§ Requirement: Among the lines below, restate word for word only those from the line with "Apple iPad Pro" through the line with "1910 - 20s Silent", with both end lines kept.

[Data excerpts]
○ ○ ○ ○ ○ ○ ○

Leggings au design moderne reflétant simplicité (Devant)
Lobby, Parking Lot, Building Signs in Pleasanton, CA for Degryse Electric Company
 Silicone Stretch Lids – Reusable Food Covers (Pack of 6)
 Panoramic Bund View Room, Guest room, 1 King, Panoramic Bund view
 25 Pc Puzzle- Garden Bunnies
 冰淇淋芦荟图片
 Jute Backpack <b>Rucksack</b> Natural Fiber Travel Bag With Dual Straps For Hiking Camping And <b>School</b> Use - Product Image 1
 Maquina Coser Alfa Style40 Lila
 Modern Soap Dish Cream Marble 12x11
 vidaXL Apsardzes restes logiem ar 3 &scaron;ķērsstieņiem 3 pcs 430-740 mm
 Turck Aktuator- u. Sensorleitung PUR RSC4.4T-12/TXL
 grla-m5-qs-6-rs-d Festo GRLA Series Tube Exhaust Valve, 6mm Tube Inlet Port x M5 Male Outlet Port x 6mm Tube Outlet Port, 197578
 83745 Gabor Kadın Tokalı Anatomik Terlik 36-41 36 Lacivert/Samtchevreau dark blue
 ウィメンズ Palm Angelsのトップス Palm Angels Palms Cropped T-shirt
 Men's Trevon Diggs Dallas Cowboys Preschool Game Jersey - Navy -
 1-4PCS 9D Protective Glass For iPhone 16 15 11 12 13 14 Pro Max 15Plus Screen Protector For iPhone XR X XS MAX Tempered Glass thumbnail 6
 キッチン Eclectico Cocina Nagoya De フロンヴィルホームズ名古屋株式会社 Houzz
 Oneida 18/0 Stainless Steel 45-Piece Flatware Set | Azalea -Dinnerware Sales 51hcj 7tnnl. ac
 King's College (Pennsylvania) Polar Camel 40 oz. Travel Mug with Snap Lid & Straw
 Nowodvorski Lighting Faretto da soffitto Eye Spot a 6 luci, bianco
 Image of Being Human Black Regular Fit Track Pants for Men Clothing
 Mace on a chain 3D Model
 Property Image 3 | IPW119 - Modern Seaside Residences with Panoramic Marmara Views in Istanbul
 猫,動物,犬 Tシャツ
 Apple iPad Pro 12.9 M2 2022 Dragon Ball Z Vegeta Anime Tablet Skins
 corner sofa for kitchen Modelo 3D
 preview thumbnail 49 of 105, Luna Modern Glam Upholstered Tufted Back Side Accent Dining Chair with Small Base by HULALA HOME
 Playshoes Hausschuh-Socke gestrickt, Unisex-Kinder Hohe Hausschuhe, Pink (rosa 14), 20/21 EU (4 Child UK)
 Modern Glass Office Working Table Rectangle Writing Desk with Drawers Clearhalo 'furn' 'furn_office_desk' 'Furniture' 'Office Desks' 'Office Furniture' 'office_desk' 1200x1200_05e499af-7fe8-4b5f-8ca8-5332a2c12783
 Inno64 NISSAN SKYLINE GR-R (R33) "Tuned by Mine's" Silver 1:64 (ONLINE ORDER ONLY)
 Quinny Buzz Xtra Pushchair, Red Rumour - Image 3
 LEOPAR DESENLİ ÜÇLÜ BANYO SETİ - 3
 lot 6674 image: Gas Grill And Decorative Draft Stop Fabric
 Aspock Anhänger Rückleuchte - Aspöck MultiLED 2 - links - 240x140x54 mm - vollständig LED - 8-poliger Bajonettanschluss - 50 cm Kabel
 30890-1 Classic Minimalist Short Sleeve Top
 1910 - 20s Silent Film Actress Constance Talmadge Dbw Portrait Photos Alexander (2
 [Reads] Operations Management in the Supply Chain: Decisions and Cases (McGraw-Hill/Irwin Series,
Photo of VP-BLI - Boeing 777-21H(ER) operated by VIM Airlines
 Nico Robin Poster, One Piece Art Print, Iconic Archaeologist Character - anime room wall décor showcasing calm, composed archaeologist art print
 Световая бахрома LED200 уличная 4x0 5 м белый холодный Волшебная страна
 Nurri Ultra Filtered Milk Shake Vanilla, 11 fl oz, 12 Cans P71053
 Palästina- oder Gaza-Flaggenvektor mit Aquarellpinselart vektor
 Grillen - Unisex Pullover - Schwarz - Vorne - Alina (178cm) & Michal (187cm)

○ ○ ○ ○ ○ ○ ○

§ Written response:
 Apple iPad Pro 12.9 M2 2022 Dragon Ball Z Vegeta Anime Tablet Skins
 corner sofa for kitchen Modelo 3D
 preview thumbnail 49 of 105, Luna Modern Glam Upholstered Tufted Back Side Accent Dining Chair with Small Base by HULALA HOME
 Playshoes Hausschuh-Socke gestrickt, Unisex-Kinder Hohe Hausschuhe, Pink (rosa 14), 20/21 EU (4 Child UK)
 Modern Glass Office Working Table Rectangle Writing Desk with Drawers Clearhalo 'furn' 'furn_office_desk' 'Furniture' 'Office Desks' 'Office Furniture' 'office_desk' 1200x1200_05e499af-7fe8-4b5f-8ca8-5332a2c12783
 Inno64 NISSAN SKYLINE GR-R (R33) "Tuned by Mine's" Silver 1:64 (ONLINE ORDER ONLY)
 Quinny Buzz Xtra Pushchair, Red Rumour - Image 3
 LEOPAR DESENLİ ÜÇLÜ BANYO SETİ - 3
 lot 6674 image: Gas Grill And Decorative Draft Stop Fabric
 Aspock Anhänger Rückleuchte - Aspöck MultiLED 2 - links - 240x140x54 mm - vollständig LED - 8-poliger Bajonettanschluss - 50 cm Kabel
 30890-1 Classic Minimalist Short Sleeve Top
 1910 - 20s Silent Film Actress Constance Talmadge Dbw Portrait Photos Alexander (2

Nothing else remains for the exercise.